Unfortunately, fate had something else in store for us. The next day, while I was lazing around the house, I got a call from my father asking to come to the office immediately. He sounded worried. He just cut the call. He was not picking up despite me trying to get back to him. So I caught a rickshaw and started for the office. Just two kilometers from the office at the railway line we encountered a huge traffic jam — quiet unprecedented. I enquired what the problem was with the driver. He said, “it looks like some building has caught fire”. When I peeped out, I saw smoke bellowing out in the sky — in the direction where our office was located… I only remember running towards the building, confused and placating myself that somehow, it would turn out that the fire was not at our building.

I saw my father and rest of his office staff staring with disbelief as fire engulfed our office. Entire 30 years of hard work wiped out in that fire which originated at a neighboring paint shop and spread to our office. One of our office staff had run back into the office and managed to save the server despite firm instructions not to do so. That act turned out to be saving grace and the reason for insurance settlement which would have taken years otherwise.

My father simply said, “I started from nothing, I will start again.” I expected him to shed a few tears, since the company he had given his sweat and blood for the last 30 years was completely destroyed. I offered to resign and help rebuild the company. He simply said, “you may take a few weeks off and help me, but I want you to stick to your career”.

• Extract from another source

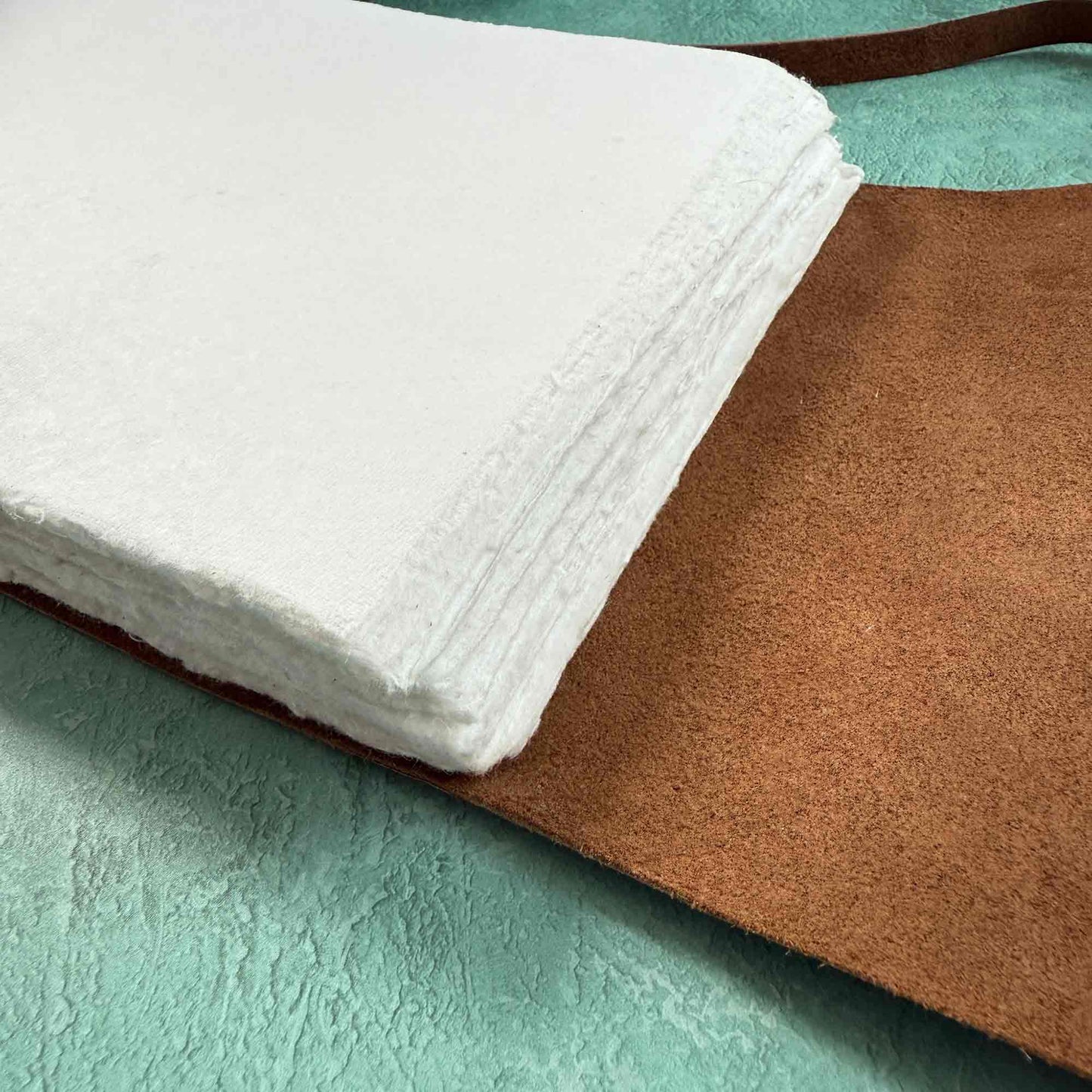 Brown leather notebook with blank cotton paper pages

The next few weeks taught me more than any MBA could have. That’s when I saw the employees coming together and work so hard — to find a new office and restart operations. Get back the outstanding amount from the customers, visit all our customers and assure them that while we were down, we were not out. We reached out to the suppliers and assured them the same.

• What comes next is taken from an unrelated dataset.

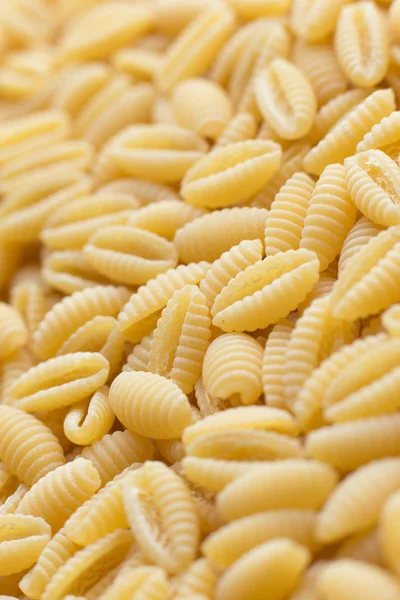 Pasta raw closeup background. Delicious dry uncooked ingredient for traditional Italian cuisine dish. Textured variety shapes. Top view. Copy space — Stock Photo, Image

Within a week, we managed to get back close to 80% of the outstanding dues from the market. The banks were kind enough to extend the overdraft facility. Suppliers extended credit beyond the usual norms and in 10 days flat we were back in business. We could survive and continue to serve people with the same efficiency within 10 days. A team of employees were engaged in ensuring all documentation required by the insurance people were provided with out any delay and in seven months we got our settlement. Not completely, but enough not to cause a severe loss.

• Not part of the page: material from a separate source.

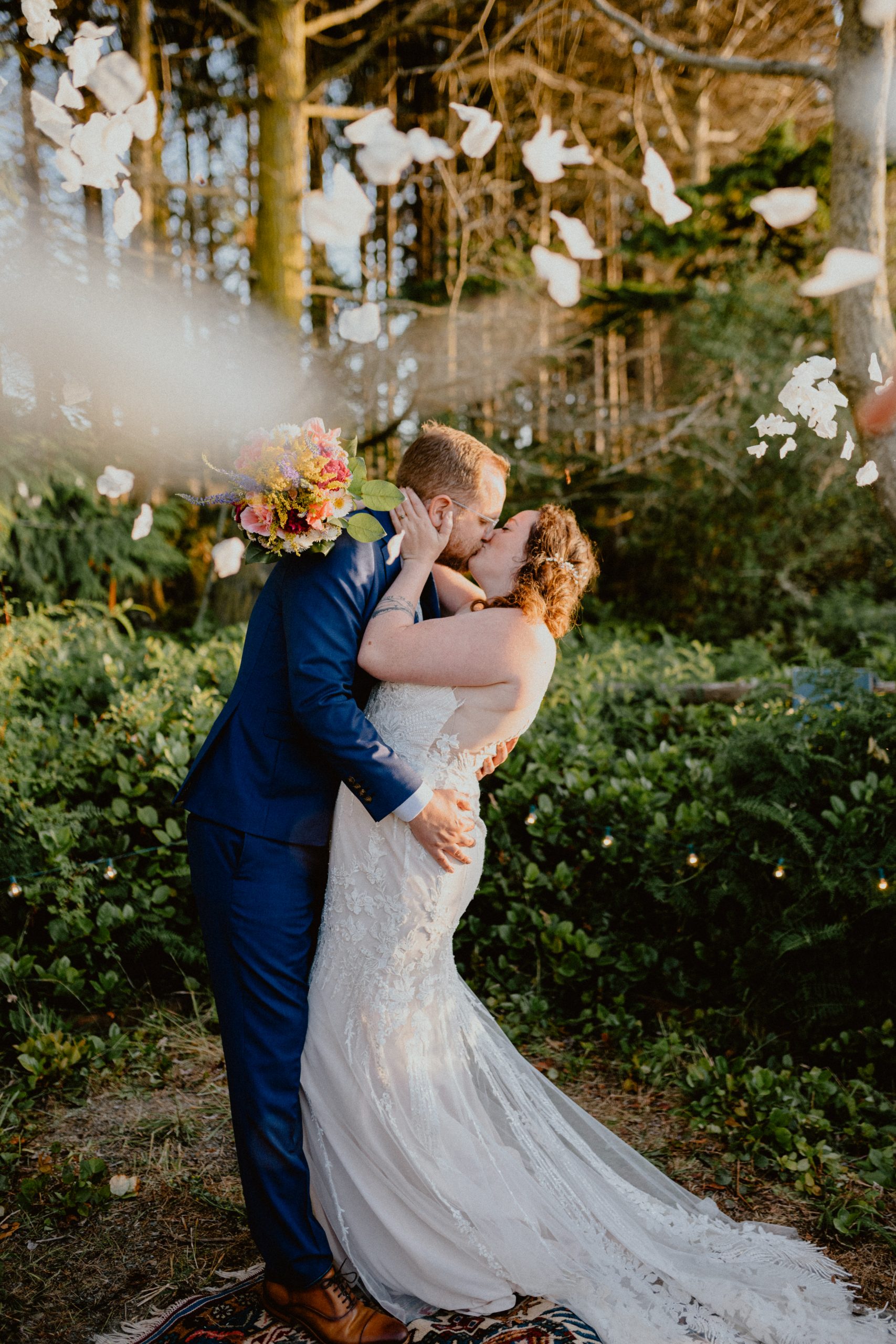 Bride and Groom embrace in a kiss with flower petals falling around them in an outdoor wedding ceremony | Washington State Elopement Photographer, Seattle Elopement Photographer, Newlywed Elopement Photographer, Quarantine Wedding Elopement Inspiration | chelseaabril.com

People — neighbors, competitors, customers, suppliers, banks, insurance agents, representatives of the suppliers all went out of the way in ensuring that the impact of the tragedy on us was minimal.

That’s when I realized what was missing in my plan that I had presented the day before was - people. The only true asset that my family had created over the last 8 decades in business was relationships, reputation and trust. Without those things, people are only an instrument through which you get your things done. With them, they become a family and a closely knit group who work for common good and look out for one another. Building relationships, reputation and trust takes time.

So while we may ridicule bigger corporations for being slow, they may ultimately outlast all the new age companies, because the new age companies do not have the patience to build the core foundation. But how do these organizations remain relevant for so long despite not being so agile? Is it really a compromise that creating a strong foundation comes at the cost of agility? The race for survival today is simply the race to remain relevant — establish the standards and rules in the industry you are in.

I take out the lessons from the consulting firm I worked for —The experience of the older members of the firm in project execution, project management and ultimate outcomes is so valuable, while newer members experiment with the new theories, out of the box ideas. While, the younger members have full freedom to experiment, ultimately they must fit into the broad framework of deliverables, outcomes, timelines and be backed by numbers or a strong theory model.

I call it the Grandfather approach to management. I incidentally happened to see the movie “The Intern” starring Rober De Niro and Anne Hathaway which dwells on this…. Are the startups listening?